» **ACTIVITY**
Can the lines below, from the one that holds "Bee on goldenrod" to the very end, be echoed exactly, with both ends included and no pictures?

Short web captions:
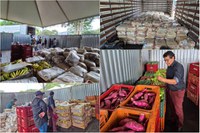 MDS entrega alimentos para população indígena em Brasília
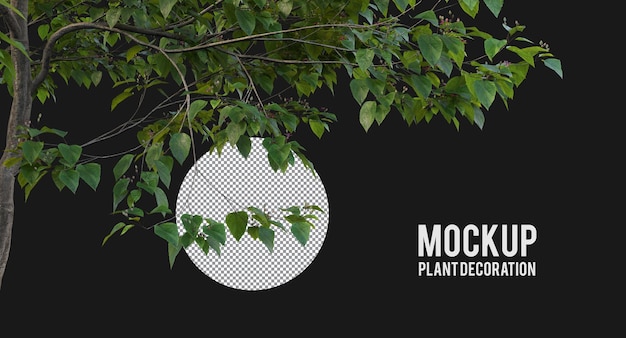 Verschillende soorten boomtak planten struiken struiken en kleine planten geïsoleerd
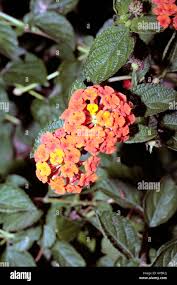 Image result for Verbenaceae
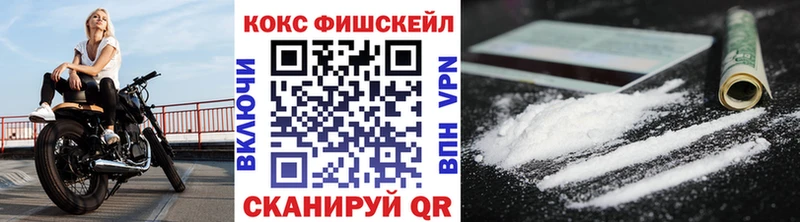 Кокаин FishScale  купить наркотик  Тара 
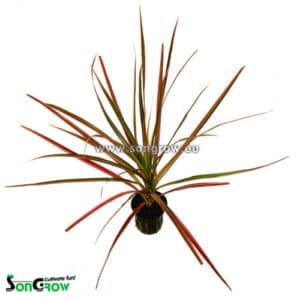 Dracaena marginata Red
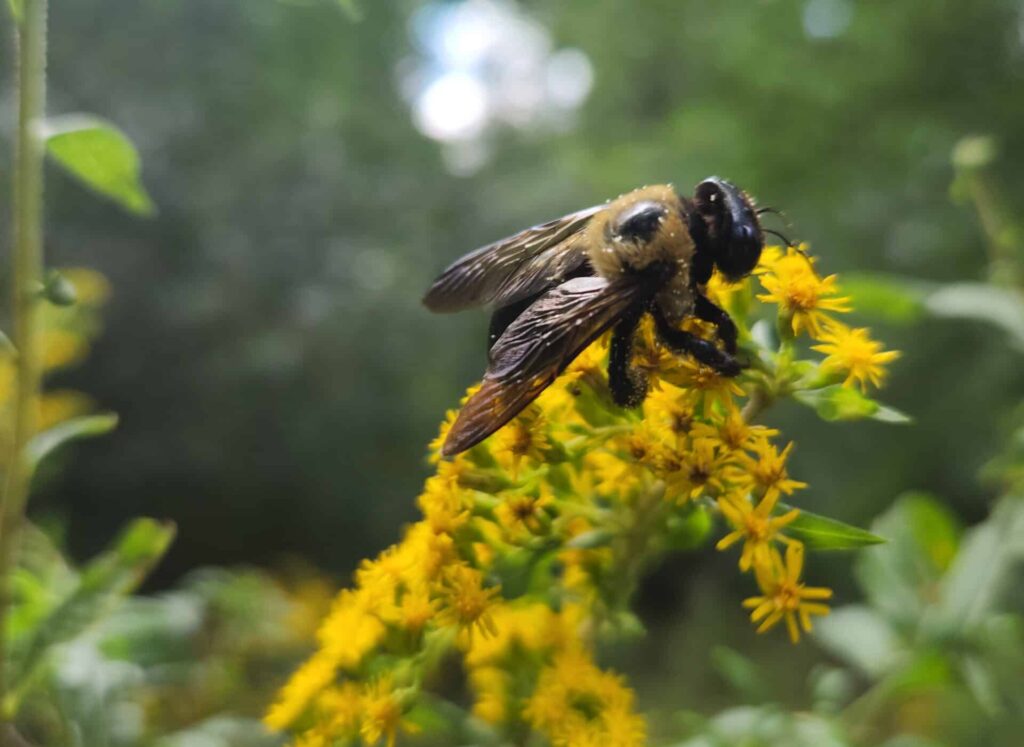 Bee on goldenrod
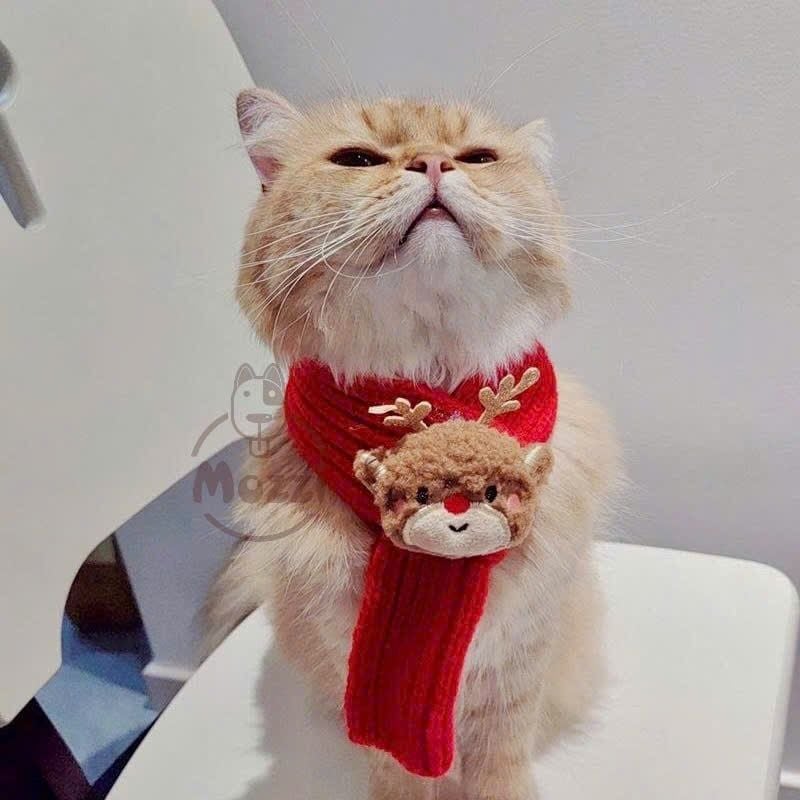Phụ kiện Khăn len Nón noel cho chó mèo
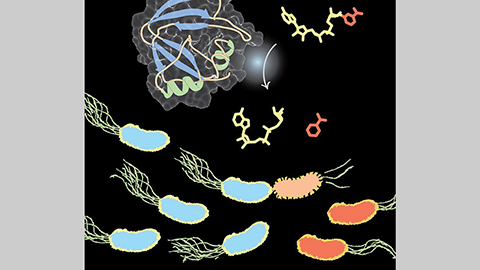 JBC: New insights into the molecular weapons of the plant microbiome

» **OUTPUT BELOW**
 Bee on goldenrod
Phụ kiện Khăn len Nón noel cho chó mèo
 JBC: New insights into the molecular weapons of the plant microbiome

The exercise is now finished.